But an overmatched middle manager isn't the only reason the vitality has run out of the Wizards over the past couple of months. Their vaunted backcourt of Wall and Bradley Beal is dynamic, but increasingly and vexingly theoretical. It's looking more likely that Beal's lower-right leg issues are chronic, and he has suffered through two extended injury breaks already this season; his minutes have jumped all over the place depending on what his body can give night-to-night. (This is especially sad considering Beal is just 21 years old.) Wall is a stalwart star, but he's also beginning to resemble a third-act-of-Die Hard John McClane. Asked earlier this week what's ailing him, Wall replied: "Everything. I can't even name a specific thing."

The Wizards aren't the sort of team that can afford to have their shooting guard on the bench in a suit and their best player gamely trying to play through seven different sprains and bruises. Marcin Gortat and Nene Hilario work well together, but neither provides much more than abject solidness. Otto Porter, Garrett Temple, and Ramon Sessions are a troika of meh. Rasual Butler performed a convincing Ray Allen impression for two months and has since reverted back to impersonating a warm body.
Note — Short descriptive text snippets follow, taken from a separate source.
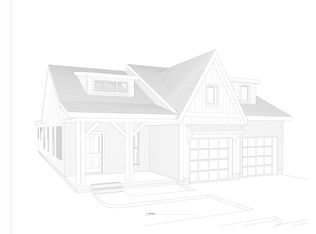 1383 Carrington Way #34, Chattanooga, TN 37405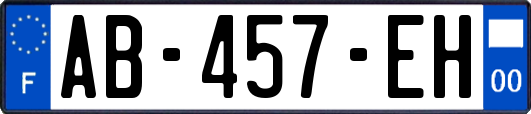 AB-457-EH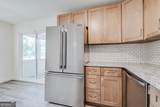308 4th Street - Photo 18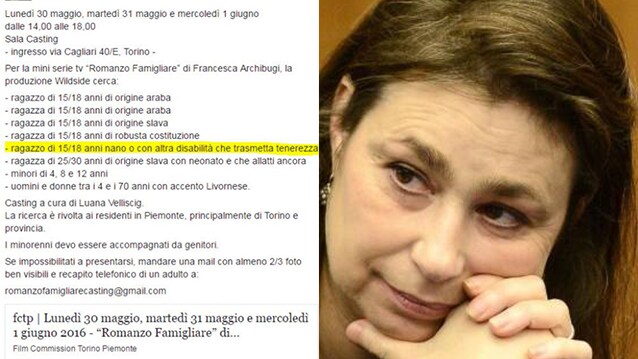 Immagine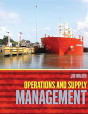 Operations And Supply Management - Preview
Martell Webster has been useless and Kevin Seraphin's greatest skill continues to be tallness. Perhaps the scorching victories over a cupcake-laden early-season schedule and the subsequent hypestorm warped popular perception of what is, upon sober examination, a depth-deficient roster that needs to remain fully intact to have any prayer of making it out of the Eastern Conference.

There are plenty of middling-to-goodish teams that fit that description, and all is not lost in Washington. The Wizards are a good team, albeit one whose issues demand a John Wall who is not just humming along healthily but one producing a sound like a space shuttle launch having angry sex with an air raid siren. Perhaps this season's inevitable-seeming sour ending will rid the franchise of Wittman, and we'll see what this squad can do under the stewardship of someone willing and able to draw up a play every once in a while.

Until then, there's nothing for the Wiz to do but ride out this spell of putridity. Those since-dashed dreams of title contention might have been less foolish than ill-timed. Teams can emerge from disasters like this as stronger, smarter units. They usually get a new coach in the deal, too, which will help.